Cutting Edge Haunted House’s Todd James, Master of the Macabre

Todd James marches to the beat of a different drum – a zombie drum, that is.

As the founder, owner and Head Hauntsman of Cutting Edge Haunted House Fort Worth / Dallas, James brings his considerable expertise as a high school band leader to bear in coaching many undead musicians in a variety of endeavors, from an eerie, apocalyptic sort of precision drum line to a 14-piece zombie marching band.

“It’s not easy teaching zombies to play musical instruments,” says James. “They tend to have a short attention span.” Kind of like teenagers. “And their marching skills, well, you have to be very patient with them.”

Although Cutting Edge would seem a likely moniker for a haunted house built in an old meatpacking plant, with human “corpses” traversing the factory on an overhead conveyer belt system on their way to be sliced and diced and well, you know, human dismemberment was actually the farthest thing from his mind when James came up with the name. As a child growing up in Texas, Todd James knew that one day he would have the biggest, baddest haunted house around, something on the cutting edge of Halloween scares.

“Since I was very young, I was putting on my Halloween stuff in the summer time, hiding in the bushes and scaring young children,” he says with a wry smile.

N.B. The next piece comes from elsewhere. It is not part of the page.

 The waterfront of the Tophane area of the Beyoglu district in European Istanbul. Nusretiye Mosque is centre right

In fact, it wasn’t until the third year of operation that the Cutting Edge moved to the 235,000 square foot building, built in 1908 on a patch of Wild West badlands once known as “Hell’s half acre.” The sheer size of the plant, the grisly undertones of a meat processing factory and the outlaw reputation of the neighborhood appealed to James.

“It’s perfect, because for one it’s a meat packing plant and it’s about 100 years old. It just lends itself. There’s a lot of character.”

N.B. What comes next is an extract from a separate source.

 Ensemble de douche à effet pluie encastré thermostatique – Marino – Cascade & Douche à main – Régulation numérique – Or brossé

With five full floors of chilling, thrilling action, Cutting Edge is the size of four or five average haunted houses. And with only 70% of the building currently in use, there’s still plenty of room to expand. Expand?

In addition to the Guinness record book title in 2009 and 2010, last year Cutting Edge garnered the #2 spot in Haunted House Ratings’ Top 13 Haunted Houses, as well as the #6 spot in Hauntworld Magazine’s Best Haunted Houses in America, adding to a long list of haunt awards and commendations that Todd James and his crew have racked up over the years, including top rankings from Fangorium Magazine, the Wall Street Journal, USA Today, Yahoo and MSN, as well as a feature on the Travel Channel called “America Haunts” profiling the “most terrifying, well-orchestrated haunted houses” in the United States.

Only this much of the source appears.